6.5.3. Finding Optimized Strategies with Polyhedral Models¶

Another optimization approach is to automatically select an operator schedule from a schedule search space. A good example of this idea is the polyhedral compilation. They improve the generalization of operator compilation at the expense of prolonged compile time.

Polyhedral compilation mainly optimizes the loops in user code by abstracting each loop into a multidimensional space, computing instances into points in the space, and dependencies between the instances into lines in the space. The main idea of this algorithm is to model the memory access characteristics in code and adjust the execution order of each instance within each loop. In this way, it aims to enable better locality and parallelism of the loop code under the new schedule.

Code lst:before_poly is used as an example to describe the algorithm.

lst:before_poly

for (int i = 0; i < N; i++)
  for (int j = 1; j < N; j++)
    a[i+1][j] = a[i][j+1] - a[i][j] + a[i][j-1];

As shown in Figure Fig. 6.5.3, a memory access structure is first modeled by using the polyhedral model algorithm, and then dependencies (denoted by arrows) between instances (denoted by nodes) are analyzed.

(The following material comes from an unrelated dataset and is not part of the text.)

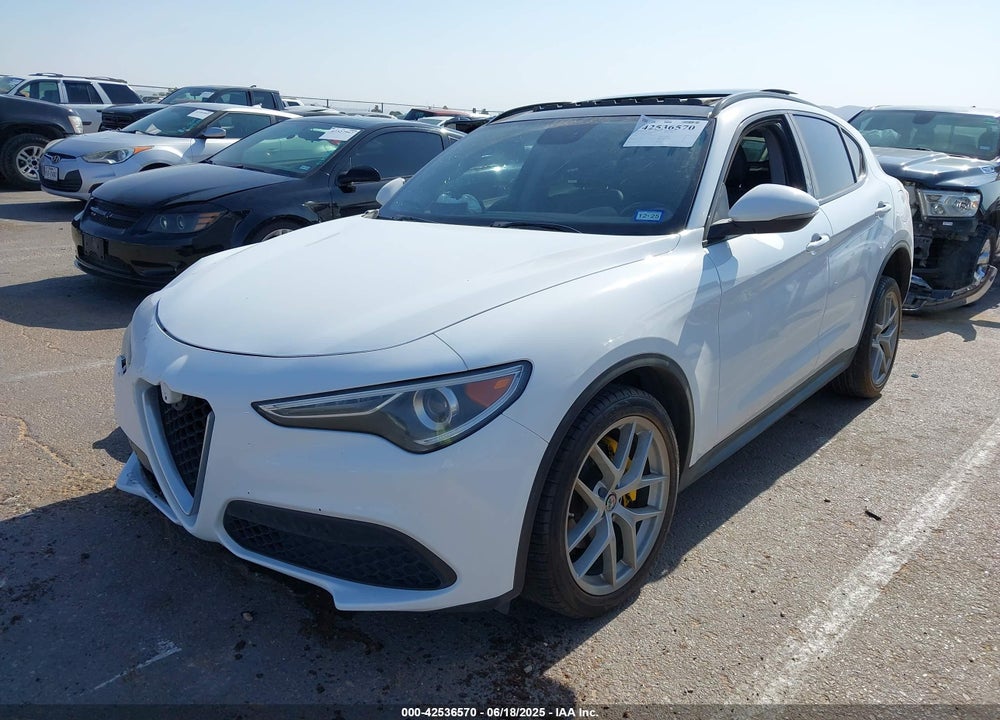 2018 ALFA ROMEO STELVIO VIN: ZASFAKPN6J7B92206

Fig. 6.5.3 Polyhedral model of the samplecode¶

Complex dependency analysis and schedule transformation are then performed to obtain an optimal solution that fits the memory model. Using the polyhedral model algorithm, the code is optimized to that shown in Code lst:after_poly.

lst:after_poly

for (int i_new = 0; i_new < N; i_new++)
  for (int j_new = i+1; j_new < i+N; j_new++)
    a[i_new+1][j_new-i_new] = a[i_new][j_new-i_new+1] - a[i_new][j_new-i_new] + a[i_new][j_new-i_new-1];

The resulting code looks relatively complex. We can model the code (as shown in Figure Fig. 6.5.4) to determine its performance improvements. Through dependency analysis, we find that the loop dependencies present in the source code are removed in the optimized code, thereby increasing the opportunities for parallel computing. Specifically, parallel computing is possible when the loop dependencies are partitioned along the dashed lines based on the green blocks, as shown in Figure Fig. 6.5.4.

Fig. 6.5.4 Optimization result with the polyhedralmodel¶

We have only introduced the Polyhedral Compilation technique in this section. However, there are other optimization techniques available, such as Ansor, which is a heuristic searching method with pruning.

6.5.4. Adaptation to Instruction Sets¶

We have previously explored the optimization techniques of operator compilers. In this section, we build on this foundation to examine how operator compilers adapt to instruction sets on different chips. Typically, a general-purpose compiler is designed to be compatible with as many backend architectures and instruction sets as possible. However, this can present challenges when the compiler must handle backends with different architectures and instruction sets.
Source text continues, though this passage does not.